Le Lendemain du crime

(The Morning After)

L'histoire

Alex (Jane Fonda), une actrice qui a eu son petit moment de gloire à la télévision mais qui depuis longtemps est à la déroute, se réveille un matin au côté du cadavre d'un homme. Elle ne se  souvient de rien de sa soirée et ne sait pas ce qu'elle fait dans ce grand loft, ni pourquoi celui qui révèle être un photographe ayant fait sa réputation dans l'érotisme gît à côté d'elle, poignardé. Elle appelle son mari (avec qui elle est séparée depuis dix ans mais qui demeure son ami) Joaquin (Raul Julia, le Gomez de La Famille Addams), qui lui conseille se se rendre immédiatement à la police. Alex ne peut s'y résoudre, ayant déjà été par le passé condamnée à une légère peine de prison pour avoir poignardé un petit ami lors d'une des innombrables cuites dont elle est coutumière. Pensant que la police ne croirait pas en son innocence - et même pas persuadée de celle-ci elle-même -, elle retourne au loft et nettoie les traces de son passage. Elle essaye ensuite de quitter L.A. mais elle provoque un accrochage avec sa voiture. Alors que la police est en route, elle prend la fuite et ne doit son salut qu'à l'intervention miraculeuse de Turner (Jeff Bridges), un ancien inspecteur qui se prend d'amitié pour elle...

Analyse et critique

Le Lendemain du crime est le premier film que Sidney Lumet tourne sur la côte Ouest et il faut avouer que ce changement géographique est loin d'être un franc succès. Non pas que le cinéaste soit incapable de trouver ses marques sur un terrain qui ne lui est pas familier, bien au contraire. En effet, visuellement le film - qui ne ressemble à aucune autre de ses réalisations - est une belle réussite, l'utilisation des lumières et des couleurs éclatantes reflétant brillamment l'impression qui assaille le voyageur qui débarque pour la première fois à Los Angeles. Si ce passage du côté d'Hollywood s'avère un échec, c'est que Lumet se glisse sans grand génie dans la vague des néo-polars clinquants qui pullulent alors sur les écrans. Le scénario (le seul écrit par James Cresson, connu pour avoir produit à quatre ans d'intervalle deux adaptations cinématographiques de l'affaire de l'étrangleur de Boston, dont la version de Richard Fleischer avec Tony Curtis) se déroule sans surprise, attendu et peu crédible, si bien que l'on assiste au final à un produit de série joliment emballé (si l'on met de côté l'abominable bande originale de Paul Chihara) La photographie soignée d'Andrzej Bartkowiak - collaborateur de Lumet depuis Le Prince de New York - en vient même à jouer contre le film qui est essentiellement sauvé par l'interprétation de Jane Fonda et Jeff Briges.

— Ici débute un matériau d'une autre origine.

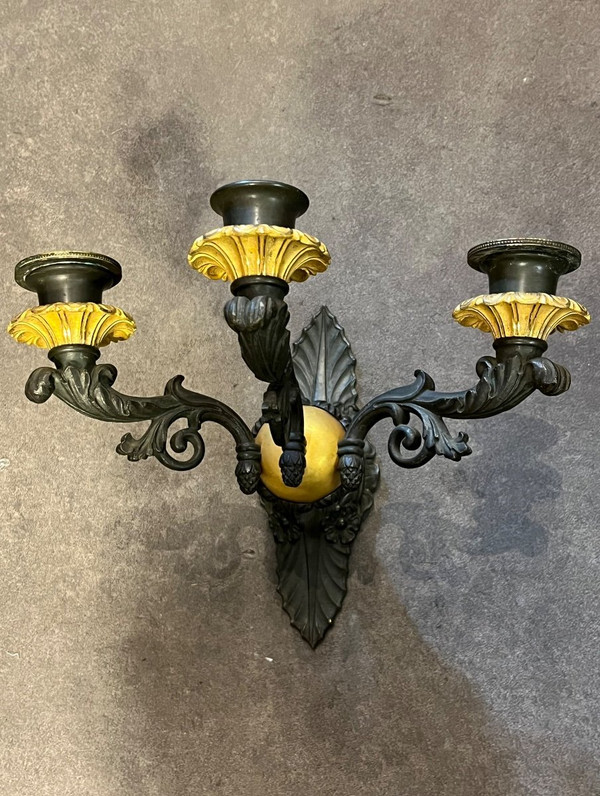 Paire D’applique Murale - Double Patine - Epoque Restauration - France - XIX ème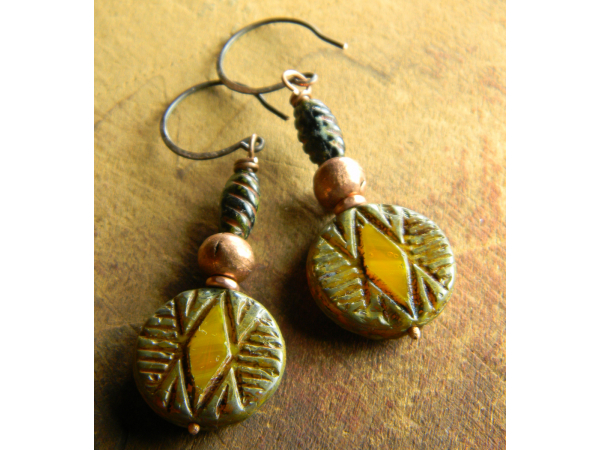 Yellow Rustic Copper Earrings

On ne peut pas comprendre comment Sidney Lumet peut en venir à tourner de tels films insipides si l'on perd de vue qu'il a régulièrement besoin de ces "tours de chauffe" qui lui permettent de parfaire son art. C'est un cinéaste qui a besoin de tourner continuellement pour ne pas perdre la main et pour conserver cette énergie qui lui permet d'aligner année après année d'aligner les films, parfois éblouissants, parfois parfaitement oubliables à l'image de ce Morning After.